No one talks about the fifth season. Not any more. I don't have a great deal of time. My metaphorical timer just started so I guess I will start at what we know. Spring starts in March. Summer starts on the 21st of June. Autumn in September and Winter begins officially in December. However ‘it’ does not have a date. No official time. In the beginning it would stray no earlier than August and no later than October, but then there was that time in June and no one was ready. God, we just... they changed the rules and we weren't ready.

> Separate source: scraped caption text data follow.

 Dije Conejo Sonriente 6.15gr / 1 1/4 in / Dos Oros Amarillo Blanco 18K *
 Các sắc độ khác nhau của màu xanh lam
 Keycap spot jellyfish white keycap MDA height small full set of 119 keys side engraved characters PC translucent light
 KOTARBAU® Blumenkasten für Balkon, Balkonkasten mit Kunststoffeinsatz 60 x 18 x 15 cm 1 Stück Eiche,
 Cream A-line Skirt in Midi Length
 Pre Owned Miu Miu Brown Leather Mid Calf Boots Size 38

Science tells us that the Earth goes round the sun in a vague oval shape and that the spinning of the planet allows the light to shine onto the Earth at set time intervals. My geography teacher in my fifth year really believed this. He told us about the tilting of the earth and how it affected the climate and that there was this thing called the ITCZ. Don't ask me what it stood for, I've long forgotten. Anyway light goes into our eyes and reflects off the cornea or something (I dropped Biology as quickly as I could) and that's how we see. But when ‘it’ happens science doesn't exist, or it does but something happens to us. According to the early reports, the sun was still shining during the season and the lights were working but we couldn't see. The whole world goes blind for thirty six hours. But we can see. We can see them, those god forsaken things, and while the high tech, infrared, high resolution, camera things can't see them, they can see the carnage. 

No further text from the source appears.